There is a brief interview with Payne on YouTube that gives you a feeling of the scale of his work, and another here, as well as on his website, in which he discusses how he hopes to communicate with his work.

Ron Monsma

Ron Monsma, pastel and oil, figures and still life
Though he works in oil as well, Ron Monsma creates his figures and still life primarily in pastel.

He has a refined approach, with subtle attention to edges and values and a Baroque sensibility for composition and light. I particularly enjoy those pieces in which he appears to revel in the textural characteristics of his subjects.

Monsma ia an Associate Professor of Fine Arts at Indiana University South Bend, and is represented by Miller Gallery in Cincinnati, OH.

Eye Candy for Today: Dore illustration for Fables of La Fontaine


Shepherd Wolf, Gustave Doré

Link is to WikiArt, from this page.

19th century illustrator and printmaker Guatave Doré is noted primarily for his dramatic illustrations for Dante’s Devine Comedy and Inferno, Milton’s Paradise Lost and Cervantes Don Quijote, as well as The Bible.

Less well known are his illustrations for Shakespeare plays, other epic poems and a number of fables and fairy tales.

This wonderfully sly example is from his illustrations for Fables of La Fontaine (link is to Dover book of just the illustrations).

I love the delicately rendered plants, the wonderfully casual hatching in the handling of the clouds and foreground, and the “WTF?” expression on the foremost sheep. As always, Doré and his engraver exhibit a mastery of establishing value with cross hatching.

I’ll leave it to you to wonder if there is any connection to current events.

Julian Alden Weir (revisit)

Julian Alden Weir
Julian Alden Weir was an American painter and printmaker active in the later 19th and early 20th centuries.

He was one of the the painters loosely known as “American Impressionists”, and more relevantly, was a member of “The Ten” — a group of influential painters in Boston that included Frank W. Benson, Thomas Wilmer Dewing, Childe Hassam, Willard Leroy Metcalf, Robert Reid, Edmund C. Tarbell, and John Henry Twachtman (links to my posts).

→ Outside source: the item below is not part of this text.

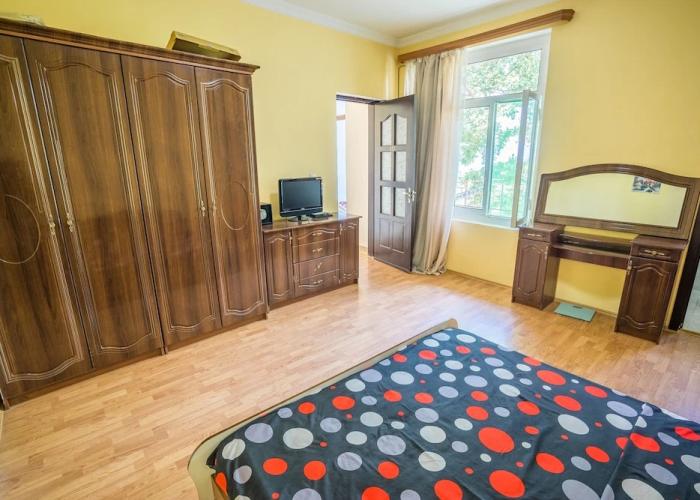 Kanudosi Guest House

Julian Alden Weir is the younger brother of John Furgeson Weir, also a well-known painter, with a somewhat more conservative style in keeping with the Hudson River School and later in his career, with the Barbizon School.

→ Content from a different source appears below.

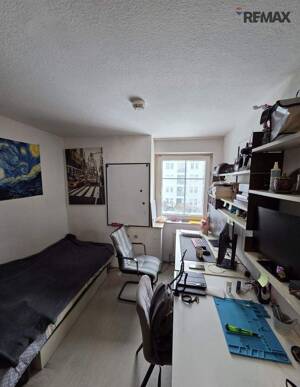 1-Zimmer-Apartment Nähe Uni, Innenstadt & Arcaden – 91052 Erlangen – Vorschaubild 3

I first wrote about Julian Alden Weir back in 2008, since then more resources and better reptoductions of his work have become available on the web, though his paintings still seem to suffer in reproduction more than some of his contemporaries.

Amei Zhao

Amei Zhao, concept art and illustration
Amei Zhao is an illustrator and visual development artist based in Sydney. She has a bright, graphic style that uses theatrical lighting to nice effect. She has a minimalist approach to her shapes, foregoing detail in favor of color and the textural effect of smaller shapes.

Many of her pieces show a character apparently wandering through various environments, though I’m not certain if these are for the same project.